We examined the expression levels of TS, ERCC1, RRM1, class III β-tubulin, c-Met, and phospho-Met according to the histological subtype in tumor sections. TS expression levels were higher in solid areas than in papillary or lepidic areas. The H-score of TS was significantly greater in solid areas than it was in non-solid areas. The H-score of class III β-tubulin was higher in solid areas compared to that in lepidic areas (Figure 2).

 

 

fig2

Figure 2. Expression levels of predictive chemotherapy biomarkers according to histological subtype. A: TS, B: ERCC1, C: RRM1, D: class III β-tubulin. Quantitative estimation of immunohistochemical staining is summarized by an H-score. Non-solid bars indicate the combination of all subtypes except for the solid subtype. *P < 0.05 and **P < 0.01, as compared to H-scores for solid components.

 

c-Met protein expression is associated with advanced tumor stages and poor clinical outcomes, and phospho-Met (Tyr1235) overexpression is correlated with papillary or micropapillary histology of lung adenocarcinomas (6). However, the results of the present study demonstrate that both c-Met and phospho-Met expression levels tended to be higher in solid subtype than in other non-solid subtype tumors; however, these differences were not statistically significant (Figure 3).

 

 

fig3

Figure 3. c-Met expression levels according to histological subtypes. A) c-Met, B) phospho-Met (Tyr1234/1235). Quantitative estimation of immunohistochemical staining is summarized by an H-score. Non-solid bars indicate the combination of all the subtypes except the solid subtype.

 

Importance of the study:

The present study represents the first investigation of immunohistochemical H-scores of predictive chemotherapy biomarkers that are differently expressed in lung adenocarcinoma tumor tissue according to the histological subtype. We demonstrated that expression levels of some predictive chemotherapy biomarkers were higher in solid components than in non-solid components. The variation in predictive chemotherapy biomarker expression among different histological subtypes might be indicative of patient responses to chemotherapy.

 

References:

1.  Wang T, Chuan Pan C, Rui Yu J, Long Y, Hong Cai X, De Yin X, Qiong Hao L, Li Luo L. Association between TYMS expression and efficacy of pemetrexed-based chemotherapy in advanced non-small cell lung cancer: A meta-analysis. PLoS One 2013; 8: e74284.

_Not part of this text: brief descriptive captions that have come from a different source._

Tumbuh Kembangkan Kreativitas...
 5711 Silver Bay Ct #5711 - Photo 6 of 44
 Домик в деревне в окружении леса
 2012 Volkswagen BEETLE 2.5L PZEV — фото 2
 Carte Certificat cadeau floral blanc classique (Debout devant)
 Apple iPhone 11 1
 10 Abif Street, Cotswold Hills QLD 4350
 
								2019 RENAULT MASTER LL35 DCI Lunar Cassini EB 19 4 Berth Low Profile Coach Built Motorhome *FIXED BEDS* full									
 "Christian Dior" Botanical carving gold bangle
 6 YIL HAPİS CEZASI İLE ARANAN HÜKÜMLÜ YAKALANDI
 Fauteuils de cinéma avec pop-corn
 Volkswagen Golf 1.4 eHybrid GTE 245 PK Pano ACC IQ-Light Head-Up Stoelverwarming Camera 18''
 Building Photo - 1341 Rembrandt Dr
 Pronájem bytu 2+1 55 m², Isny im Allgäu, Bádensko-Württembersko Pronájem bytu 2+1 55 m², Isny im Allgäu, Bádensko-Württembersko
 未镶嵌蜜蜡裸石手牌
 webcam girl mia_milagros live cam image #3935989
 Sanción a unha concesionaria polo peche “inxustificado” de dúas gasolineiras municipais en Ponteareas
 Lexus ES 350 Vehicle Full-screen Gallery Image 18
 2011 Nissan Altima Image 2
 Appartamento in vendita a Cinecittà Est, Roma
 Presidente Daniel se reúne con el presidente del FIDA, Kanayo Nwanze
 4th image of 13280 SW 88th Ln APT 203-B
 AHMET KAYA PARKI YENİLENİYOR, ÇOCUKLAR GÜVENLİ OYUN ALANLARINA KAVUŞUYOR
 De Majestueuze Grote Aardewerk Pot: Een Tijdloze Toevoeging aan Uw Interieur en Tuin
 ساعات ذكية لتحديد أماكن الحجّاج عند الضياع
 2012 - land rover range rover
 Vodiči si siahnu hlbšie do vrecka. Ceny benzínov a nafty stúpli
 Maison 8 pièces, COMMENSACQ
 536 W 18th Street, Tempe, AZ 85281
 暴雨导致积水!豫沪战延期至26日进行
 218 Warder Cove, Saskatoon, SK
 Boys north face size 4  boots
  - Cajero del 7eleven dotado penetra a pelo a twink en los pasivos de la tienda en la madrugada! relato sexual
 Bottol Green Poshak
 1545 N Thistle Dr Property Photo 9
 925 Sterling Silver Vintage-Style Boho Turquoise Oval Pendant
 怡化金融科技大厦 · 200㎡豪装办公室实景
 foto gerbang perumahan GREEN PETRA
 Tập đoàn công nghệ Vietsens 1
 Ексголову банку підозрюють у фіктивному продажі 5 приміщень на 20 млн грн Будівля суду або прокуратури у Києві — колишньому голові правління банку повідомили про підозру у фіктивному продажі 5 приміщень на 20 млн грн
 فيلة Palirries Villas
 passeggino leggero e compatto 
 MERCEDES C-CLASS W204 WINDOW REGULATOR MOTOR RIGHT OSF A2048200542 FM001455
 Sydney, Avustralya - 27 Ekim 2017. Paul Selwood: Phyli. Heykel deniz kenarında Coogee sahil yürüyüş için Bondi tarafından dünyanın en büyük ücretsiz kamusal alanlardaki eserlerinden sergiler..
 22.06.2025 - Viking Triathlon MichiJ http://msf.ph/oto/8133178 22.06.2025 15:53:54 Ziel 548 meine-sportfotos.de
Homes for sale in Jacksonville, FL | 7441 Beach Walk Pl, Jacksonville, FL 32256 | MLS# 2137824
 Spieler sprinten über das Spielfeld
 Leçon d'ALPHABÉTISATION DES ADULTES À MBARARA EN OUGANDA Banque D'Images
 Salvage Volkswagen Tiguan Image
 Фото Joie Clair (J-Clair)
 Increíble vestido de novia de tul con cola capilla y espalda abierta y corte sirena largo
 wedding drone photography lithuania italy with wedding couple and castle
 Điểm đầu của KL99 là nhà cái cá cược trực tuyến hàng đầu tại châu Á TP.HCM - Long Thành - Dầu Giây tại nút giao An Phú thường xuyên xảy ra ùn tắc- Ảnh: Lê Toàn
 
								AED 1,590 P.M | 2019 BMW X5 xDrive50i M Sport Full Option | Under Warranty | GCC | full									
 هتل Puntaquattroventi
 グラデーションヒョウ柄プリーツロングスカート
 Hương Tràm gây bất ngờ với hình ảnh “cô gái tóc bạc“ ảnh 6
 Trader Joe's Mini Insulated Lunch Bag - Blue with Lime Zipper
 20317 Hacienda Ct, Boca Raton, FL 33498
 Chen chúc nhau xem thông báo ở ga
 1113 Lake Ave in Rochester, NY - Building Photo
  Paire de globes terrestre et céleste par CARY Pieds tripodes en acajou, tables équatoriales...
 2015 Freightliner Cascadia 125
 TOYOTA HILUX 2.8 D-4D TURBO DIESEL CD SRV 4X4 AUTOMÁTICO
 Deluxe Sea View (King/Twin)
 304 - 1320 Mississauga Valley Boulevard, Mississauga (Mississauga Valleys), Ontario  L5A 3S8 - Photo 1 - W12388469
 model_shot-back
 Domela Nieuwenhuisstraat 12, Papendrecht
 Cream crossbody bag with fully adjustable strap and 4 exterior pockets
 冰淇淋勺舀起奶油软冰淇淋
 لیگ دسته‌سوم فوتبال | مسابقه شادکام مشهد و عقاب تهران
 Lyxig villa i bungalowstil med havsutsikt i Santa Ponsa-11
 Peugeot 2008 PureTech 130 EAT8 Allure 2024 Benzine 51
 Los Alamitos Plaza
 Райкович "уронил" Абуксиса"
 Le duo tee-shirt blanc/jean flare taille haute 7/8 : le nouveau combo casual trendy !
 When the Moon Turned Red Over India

2.  Yoshizawa A, Motoi N, Riely GJ, Sima CS, Gerald WL, Kris MG, Park BJ, Rusch VW, Travis WD. Impact of proposed IASLC/ATS/ERS classification of lung adenocarcinoma: Prognostic subgroups and implications for further revision of staging based on analysis of 514 stage I cases. Mod Pathol 2011; 24: 653-664.

3.  Russell PA, Wainer Z, Wright GM, Daniels M, Conron M, Williams RA. Does lung adenocarcinoma subtype predict patient survival: A clinicopathologic study based on the new International Association for the Study of Lung Cancer/American Thoracic Society/European Respiratory Society international multidisciplinary lung adenocarcinoma classification. J Thorac Oncol. 2011;6:1496–1504.

4.  Warth A, Muley T, Meister M, Stenzinger A, Thomas M, Schirmacher P, Schnabel PA, Budczies J, Hoffmann H, Weichert W. The novel histologic International Association for the Study of Lung Cancer/American Thoracic Society/European Respiratory Society classification system of lung adenocarcinoma is a stage-independent predictor of survival. J. Clin. Oncol. 2012;30:1438–1446.

5.  Vilmar A, Garcia-Foncillas J, Huarriz M, Santoni-Rugiu E, Sorensen JB. RT-PCR versus immunohistochemistry for correlation and quantification of ERCC1, BRCA1, TUBB3 and RRM1 in NSCLC. Lung Cancer 2012; 75: 306-312.

6.  Koga K, Hamasaki M, Kato F, Aoki M, Hayashi H, Iwasaki A, Kataoka H, Nabeshima K. Association of c-Met phosphorylation with micropapillary pattern and small cluster invasion in pT1-size lung adenocarcinoma. Lung Cancer 2013; 82: 413-419.

 

Acknowledgements

The authors thank Taiho Pharmaceutical Co. Ltd. for the generous gift of anti-TS polyclonal antibodies. A part of this work was supported by Leading Center for the Development and Research of Cancer Medicine, Juntendo University Graduate School of Medicine.

 

Contact

Yuichi Fujimoto, M.D. Shinsaku Togo, M.D.,Ph.D.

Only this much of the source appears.